Scratch cards the ‘sick baby’ in family
Rehab’s lottery subject of controversy
Rehab’s low-profit scratch-card products were decimated by the rival National Lottery and a State cap on its prize funds.
Rehab Lotteries director John McGuire described its low-profit scratch-card products as the “sick baby in the family” after the decimation of the product by rival the National Lottery and a State cap on its prize funds.
The group’s lottery business has been the subject of controversy since Minister for Justice Alan Shatter questioned the low profit margins highlighted in an audit by his department.
The audit was soon followed by a Government decision in 2012 to phase out a special support scheme for charity lotteries, of which Rehab was a beneficiary to the tune of almost €86 million since 1997.
Although Rehab’s legal challenge to that move remains before the High Court, a flavour of the tension between it and the Department of Justice was evident in the Public Accounts Committee hearing.
Department secretary general Brian Purcell told the committee that funding under the scheme could not be used for “administrative purposes”, but said the audit found some scheme funding had been applied to activities of an administrative nature.
“The recommendations were that allowable costs and the specific use of the funds be clearly defined and agreed annually.
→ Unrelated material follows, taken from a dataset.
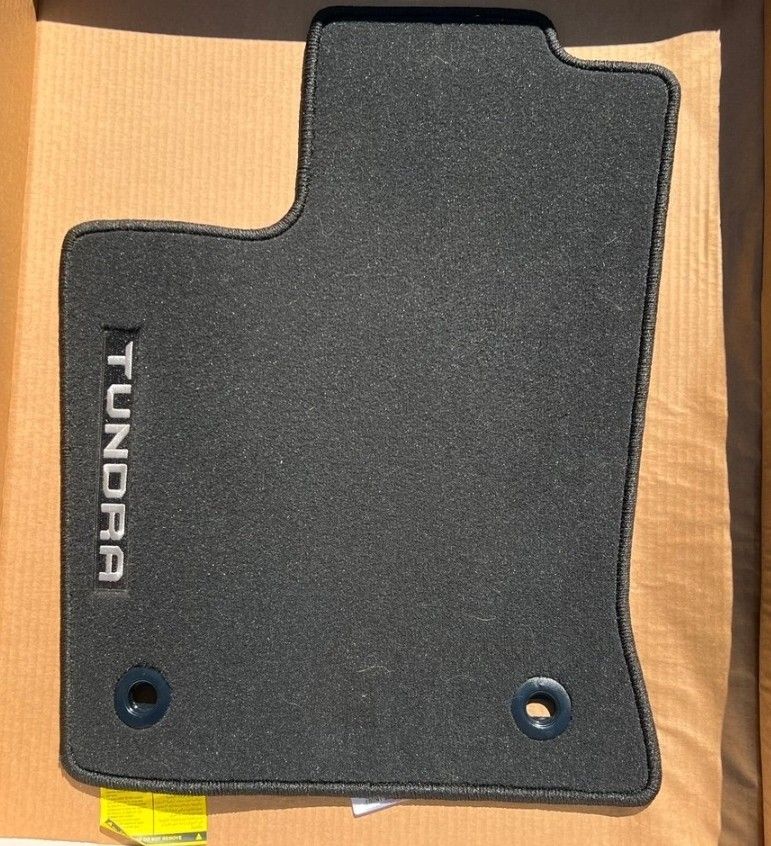 Front Floor Mats TOYOTA TUNDRA 2022-2025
The report noted that the Rehab Lotteries had high costs,” he said.
But Ms Kerins said 2013 criteria were being applied in respect of information from 2011. At that time, she said, there was no definition as to what constituted administrative expenses in the scheme. Rehab had never been challenged on that front so it assumed its use of scheme funding was in order.
Rehab received a draft of the audit in June 2012 and Ms Kerins sought a meeting with the department in August. While no meeting followed, the support scheme was terminated without any discussion warning.
Questioned by committee chairman John McGuinness, Mr Purcell said it was correct that no meeting followed. The Government decided to terminate the scheme in October 2012 and no meeting was possible once Rehab took legal action .
“I don’t think there was any factual issues raised,” he said. Ms Kerins disputed this however. Mr Purcell later said there may have been an “issue of principle” as to whether the audit should cover the scheme.
Citing media reports on the audit, Ms Kerins said the impression given conjured up “entirely false” images of entertaining politicians.
“Funds were not used for lobbying but for our advocacy work with clients, to help our clients advocate for themselves . . . and to make submissions on major areas of policy,” she said.